# YOUR INSTRUCTIONS
Give again, word for word, every line below from the one that has "Водонагреватель (бойлер) Oasis" through the one that has "Golobova vlada v", both included, and no others.

# EXTRACTED RECORDS

-.-.-

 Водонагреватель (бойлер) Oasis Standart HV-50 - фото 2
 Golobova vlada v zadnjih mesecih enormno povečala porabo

-.-.-

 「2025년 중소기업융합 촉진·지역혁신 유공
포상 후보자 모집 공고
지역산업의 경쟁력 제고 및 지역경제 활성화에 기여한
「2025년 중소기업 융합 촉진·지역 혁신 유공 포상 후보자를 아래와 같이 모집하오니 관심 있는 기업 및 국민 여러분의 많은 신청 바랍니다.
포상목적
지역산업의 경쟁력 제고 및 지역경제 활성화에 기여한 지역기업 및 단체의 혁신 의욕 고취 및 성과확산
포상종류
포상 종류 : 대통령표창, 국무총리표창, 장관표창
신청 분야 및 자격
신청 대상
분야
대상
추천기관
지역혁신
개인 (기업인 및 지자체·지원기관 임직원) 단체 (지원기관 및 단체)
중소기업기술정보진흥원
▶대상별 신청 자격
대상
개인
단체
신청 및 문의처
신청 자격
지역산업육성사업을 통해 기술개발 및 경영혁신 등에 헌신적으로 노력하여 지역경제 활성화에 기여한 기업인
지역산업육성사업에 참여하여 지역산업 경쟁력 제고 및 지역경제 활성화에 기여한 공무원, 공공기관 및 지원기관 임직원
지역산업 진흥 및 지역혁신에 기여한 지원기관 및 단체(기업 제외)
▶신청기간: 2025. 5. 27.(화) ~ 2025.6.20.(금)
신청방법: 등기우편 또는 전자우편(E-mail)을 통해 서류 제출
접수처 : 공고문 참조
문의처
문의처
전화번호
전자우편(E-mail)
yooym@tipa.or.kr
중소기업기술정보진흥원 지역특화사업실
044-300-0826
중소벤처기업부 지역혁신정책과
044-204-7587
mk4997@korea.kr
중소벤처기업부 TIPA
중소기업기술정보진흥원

-.-.-

# OUTPUT FOR THIS TASK
 Водонагреватель (бойлер) Oasis Standart HV-50 - фото 2
 Golobova vlada v zadnjih mesecih enormno povečala porabo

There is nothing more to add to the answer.